[EXERCISE DESCRIPTION] Transcribe nothing except the lines below that run from the one with "Magnetic Braided Loop" to the one with "May include: Handmade", ends included, and do not copy any picture.

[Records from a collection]
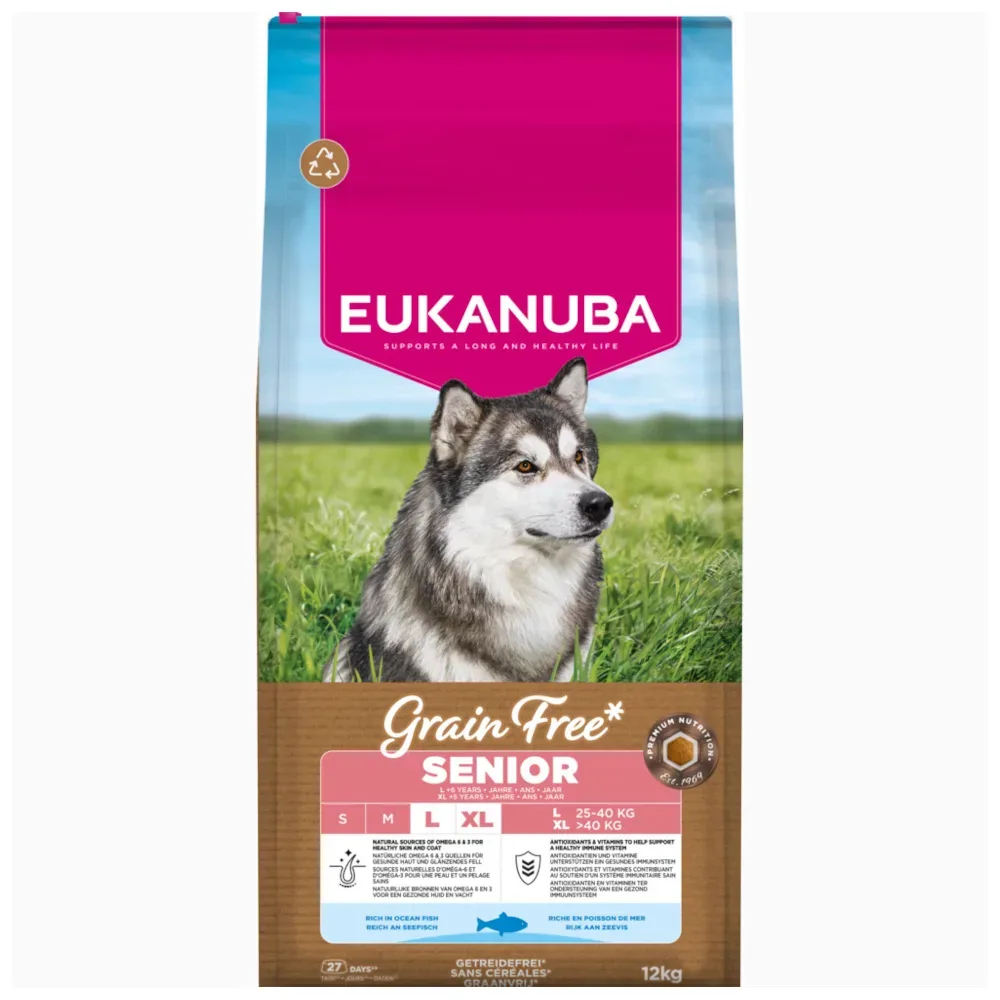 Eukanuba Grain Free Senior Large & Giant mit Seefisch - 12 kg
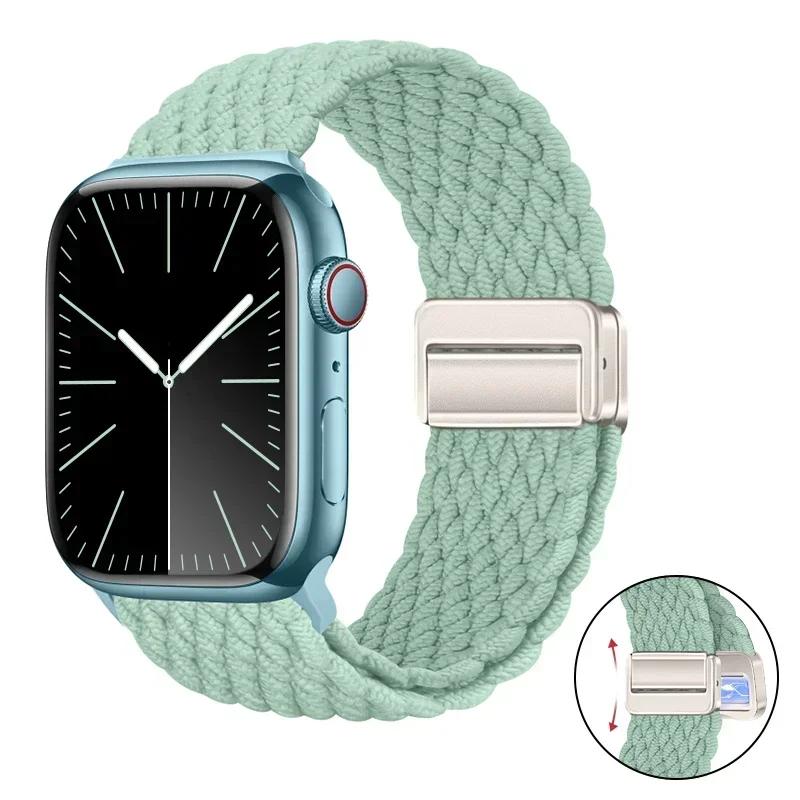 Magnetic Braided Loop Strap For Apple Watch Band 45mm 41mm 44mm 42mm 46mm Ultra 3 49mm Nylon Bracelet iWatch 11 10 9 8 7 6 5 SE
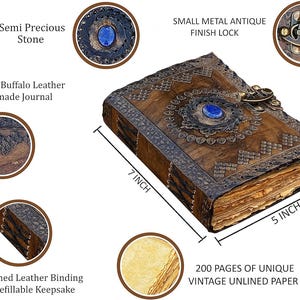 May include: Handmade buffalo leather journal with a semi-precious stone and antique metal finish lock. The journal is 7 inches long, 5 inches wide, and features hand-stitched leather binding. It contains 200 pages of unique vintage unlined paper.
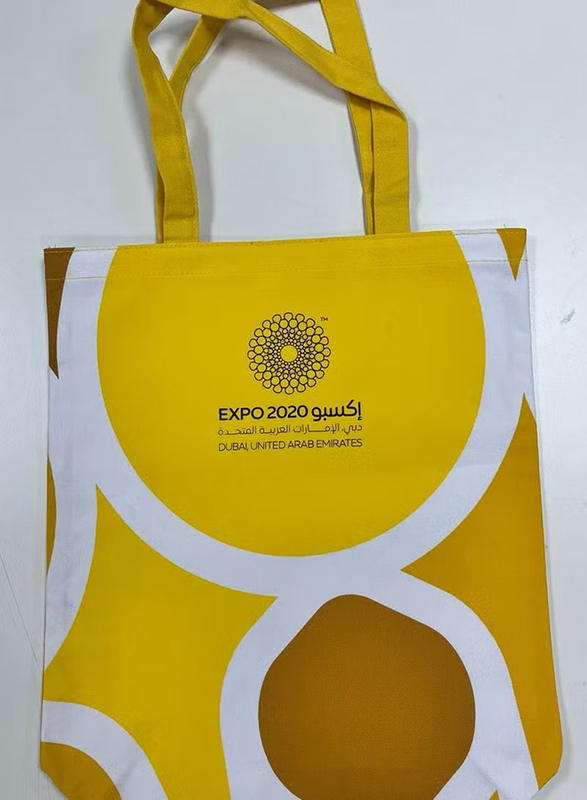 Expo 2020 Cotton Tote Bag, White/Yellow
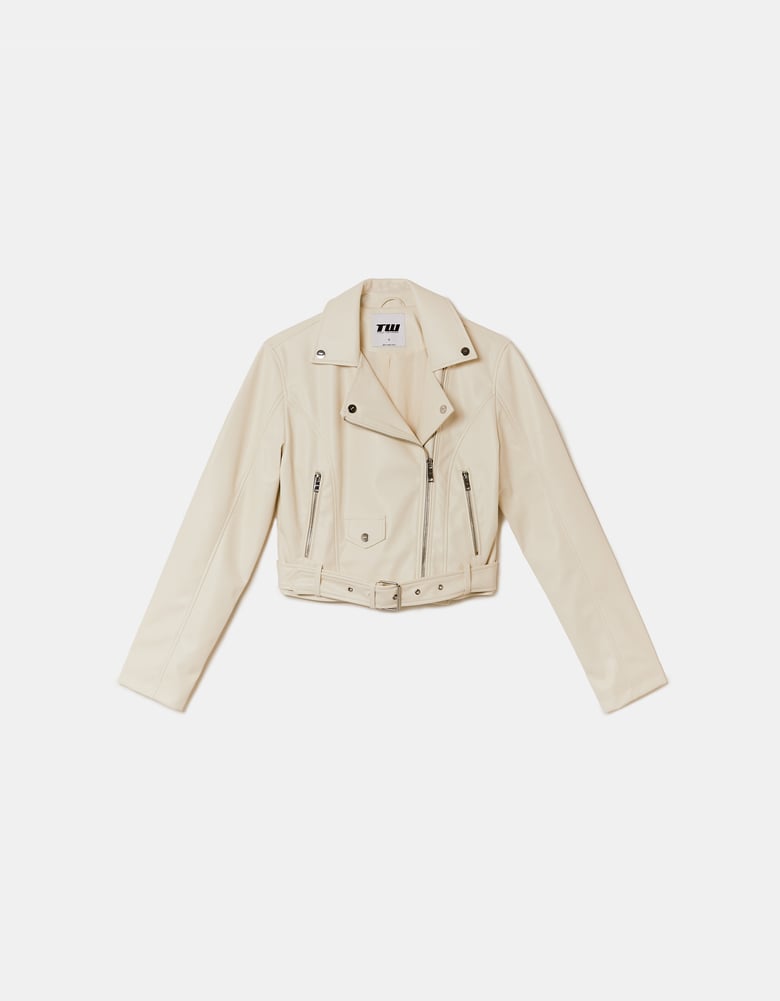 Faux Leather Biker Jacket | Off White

[SOLUTION FOR THIS EXERCISE]
 Magnetic Braided Loop Strap For Apple Watch Band 45mm 41mm 44mm 42mm 46mm Ultra 3 49mm Nylon Bracelet iWatch 11 10 9 8 7 6 5 SE
 May include: Handmade buffalo leather journal with a semi-precious stone and antique metal finish lock. The journal is 7 inches long, 5 inches wide, and features hand-stitched leather binding. It contains 200 pages of unique vintage unlined paper.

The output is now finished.